HTTP request sent, awaiting response... 200 OK
Length: 5917549 (5.6M) [application/zip]
Saving to: ‘./ml-1m.zip’


2022-04-13 03:59:11 (4.17 MB/s) - ‘./ml-1m.zip’ saved [5917549/5917549]

Archive:  ml-1m.zip
   creating: ml-1m/
  inflating: ml-1m/movies.dat        
  inflating: ml-1m/ratings.dat       
  inflating: ml-1m/README            
  inflating: ml-1m/users.dat         


**Import relative packages**

In [3]:
import sys
sys.path.append('./HandyRec/')

In [4]:
from handyrec.dataset.movielens import MovieMatchDataHelper, MovieRankSeqDataHelper
from handyrec.models.match import YouTubeMatchDNN
from handyrec.models.rank import FMLPRec
from handyrec.features import DenseFeature, SparseFeature, SparseSeqFeature, FeatureGroup, EmbdFeatureGroup, FeaturePool
from handyrec.layers.utils import sampledsoftmaxloss
from handyrec.dataset.metrics import map_at_k, recall_at_k
from handyrec.models.utils import search_embedding

import tensorflow as tf
from tensorflow.keras import Model
from tensorflow.keras.utils import plot_model
import pandas as pd
import numpy as np
import gc

In [5]:
import warnings
warnings.filterwarnings('ignore')

In [6]:
MATCH_EMBEDDING_DIM = 64
RANK_EMBEDDING_DIM = 64
SEQ_LEN = 40
BATCH_SIZE = 2**12
NEPOCH = 50

NEG_NUM = 10
CANDIDATE_NUM = 100

# 0. Prepare data for ranking<a name="section-0"></a>

In [7]:
match_dh = MovieMatchDataHelper('./ml-1m/')
data = match_dh.get_clean_data(sparse_features=['gender','age','occupation','zip','year'])

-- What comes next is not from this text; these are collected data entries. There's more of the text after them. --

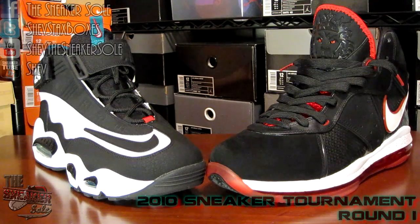Another first round matchup in the tournament to see who goes on to the Sweet 16 — the number five seed Griffin Max One Freshwater versus the Miami Heat away V1 edition of the LeBron 8s. Let's go.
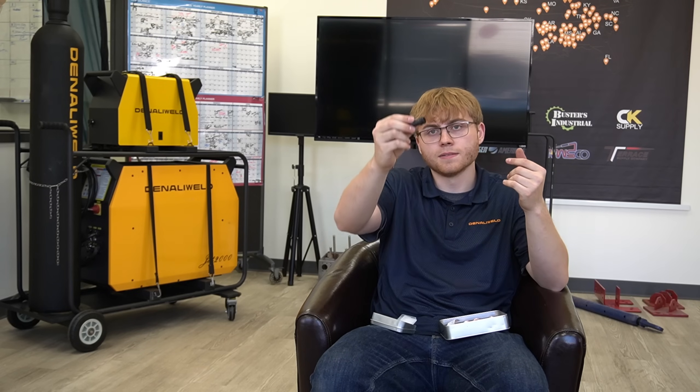We've just come out with new graphene nozzles. These are super heat-resistant — you can get them red-hot and they'll cool down in about 20–30 seconds without deforming. They are more fragile, comparable to a TIG cup, but they are still very durable.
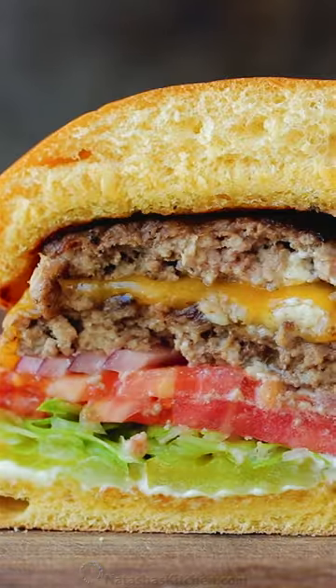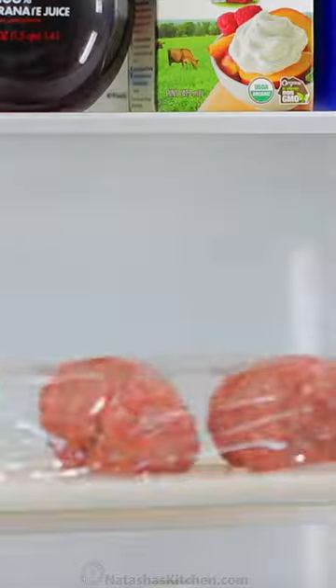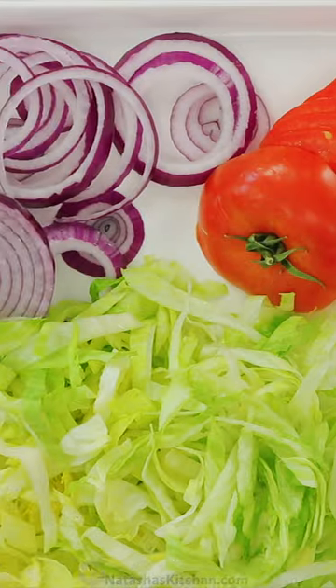Homemade smash burgers are a game changer. It's one of the juiciest and most flavorful burgers you can make. It's actually really easy to make a restaurant-style smash burger at home. And we figured out the secret sauce, which is really just mayo and mustard, but so good for burgers.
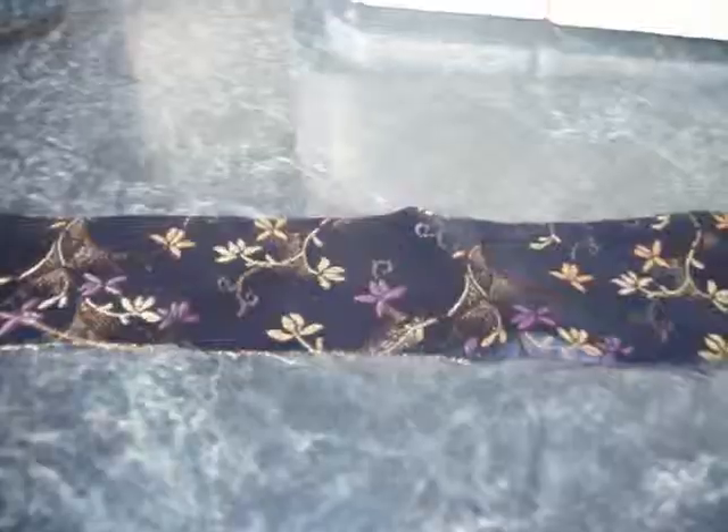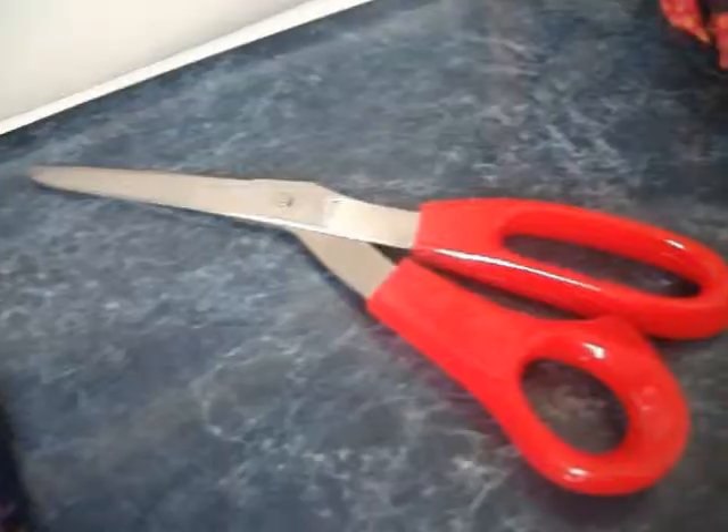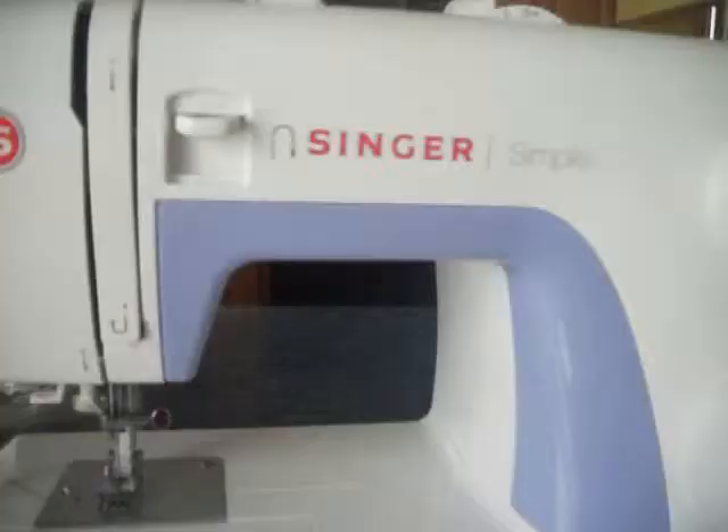Hey guys, it's Lariford88 and today I'm going to show you how to make an American Girl doll size headband. Now what you'll need is fabric, elastic, scissors, needle and thread, or a sewing machine, and a doll to model.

match_user_features = ['user_id','gender','age','occupation','zip']
match_movie_features = [f for f in data['item'].columns if f != 'title']
match_dh.gen_dataset(match_user_features+match_movie_features, data, seq_max_len=SEQ_LEN, negnum=0)

Encode User Sparse Feats: 100%|██████████| 4/4 [00:00<00:00, 118.89it/s]
Encode Item Sparse Feats: 100%|██████████| 1/1 [00:00<00:00, 232.29it/s]
Generate train set: 100%|██████████| 6040/6040 [00:05<00:00, 1199.54it/s]
Save user features: 100%|██████████| 4/4 [00:00<00:00,  4.31it/s]
Save item features: 100%|██████████| 2/2 [00:01<00:00,  1.83it/s]


In [8]:
match_train, match_train_label, match_test, match_test_label = match_dh.load_dataset(match_user_features, match_movie_features)

Load user features: 100%|██████████| 7/7 [00:00<00:00, 63.44it/s]
Load movie features: 100%|██████████| 3/3 [00:00<00:00, 151.28it/s]


In [9]:
match_feature_dim = match_dh.get_feature_dim(data, match_user_features, match_movie_features, [])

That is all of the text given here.